**Exercise requirements:**
Copy out the lines of the material that include the string "Earrings".

**Input records:**
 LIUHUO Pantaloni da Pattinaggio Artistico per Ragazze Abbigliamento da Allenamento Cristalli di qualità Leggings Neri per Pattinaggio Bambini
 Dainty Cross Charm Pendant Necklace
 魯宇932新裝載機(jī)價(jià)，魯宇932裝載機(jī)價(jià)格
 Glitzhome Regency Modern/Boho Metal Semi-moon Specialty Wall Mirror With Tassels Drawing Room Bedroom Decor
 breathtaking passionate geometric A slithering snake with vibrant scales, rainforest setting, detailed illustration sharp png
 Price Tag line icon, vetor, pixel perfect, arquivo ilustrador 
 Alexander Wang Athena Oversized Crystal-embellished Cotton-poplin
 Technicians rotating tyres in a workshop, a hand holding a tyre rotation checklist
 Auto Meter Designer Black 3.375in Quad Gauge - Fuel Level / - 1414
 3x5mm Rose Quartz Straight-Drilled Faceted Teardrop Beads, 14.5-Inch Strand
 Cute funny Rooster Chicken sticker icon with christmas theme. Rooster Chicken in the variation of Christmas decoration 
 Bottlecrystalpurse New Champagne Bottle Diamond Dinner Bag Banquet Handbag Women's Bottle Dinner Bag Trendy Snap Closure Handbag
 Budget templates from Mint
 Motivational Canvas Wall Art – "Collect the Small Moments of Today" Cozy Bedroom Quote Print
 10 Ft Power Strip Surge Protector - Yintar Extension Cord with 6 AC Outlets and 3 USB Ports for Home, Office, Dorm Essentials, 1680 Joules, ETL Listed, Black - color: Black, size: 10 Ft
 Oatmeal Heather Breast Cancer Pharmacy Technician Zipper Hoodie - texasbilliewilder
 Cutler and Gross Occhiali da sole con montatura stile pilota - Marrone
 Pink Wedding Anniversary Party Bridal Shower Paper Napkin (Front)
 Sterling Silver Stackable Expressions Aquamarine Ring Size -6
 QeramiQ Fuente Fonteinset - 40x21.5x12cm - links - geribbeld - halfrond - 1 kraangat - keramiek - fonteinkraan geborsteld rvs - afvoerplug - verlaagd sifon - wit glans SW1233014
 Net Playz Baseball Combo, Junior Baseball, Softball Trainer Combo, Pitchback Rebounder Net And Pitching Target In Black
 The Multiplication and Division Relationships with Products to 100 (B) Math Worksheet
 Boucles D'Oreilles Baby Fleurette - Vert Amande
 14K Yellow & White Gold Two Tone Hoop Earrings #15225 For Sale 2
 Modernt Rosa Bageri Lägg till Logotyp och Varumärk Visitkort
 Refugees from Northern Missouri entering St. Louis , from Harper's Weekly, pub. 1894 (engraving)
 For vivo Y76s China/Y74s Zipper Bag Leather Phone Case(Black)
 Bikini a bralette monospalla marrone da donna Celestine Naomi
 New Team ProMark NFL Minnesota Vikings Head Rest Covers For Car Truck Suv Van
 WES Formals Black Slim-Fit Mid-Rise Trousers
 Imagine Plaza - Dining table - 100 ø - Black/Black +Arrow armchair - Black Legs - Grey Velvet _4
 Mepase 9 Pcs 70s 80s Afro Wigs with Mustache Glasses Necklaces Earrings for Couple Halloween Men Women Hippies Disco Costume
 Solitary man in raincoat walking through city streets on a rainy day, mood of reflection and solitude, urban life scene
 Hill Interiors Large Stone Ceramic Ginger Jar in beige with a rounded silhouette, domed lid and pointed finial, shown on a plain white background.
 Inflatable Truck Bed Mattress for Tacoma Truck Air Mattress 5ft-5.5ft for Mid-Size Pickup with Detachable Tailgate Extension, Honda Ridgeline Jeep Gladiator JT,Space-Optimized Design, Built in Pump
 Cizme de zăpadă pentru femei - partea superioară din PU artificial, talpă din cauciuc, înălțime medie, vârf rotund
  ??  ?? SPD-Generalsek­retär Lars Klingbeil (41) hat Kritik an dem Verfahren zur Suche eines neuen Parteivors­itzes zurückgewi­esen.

**Exercise answer:**
 14K Yellow & White Gold Two Tone Hoop Earrings #15225 For Sale 2
 Mepase 9 Pcs 70s 80s Afro Wigs with Mustache Glasses Necklaces Earrings for Couple Halloween Men Women Hippies Disco Costume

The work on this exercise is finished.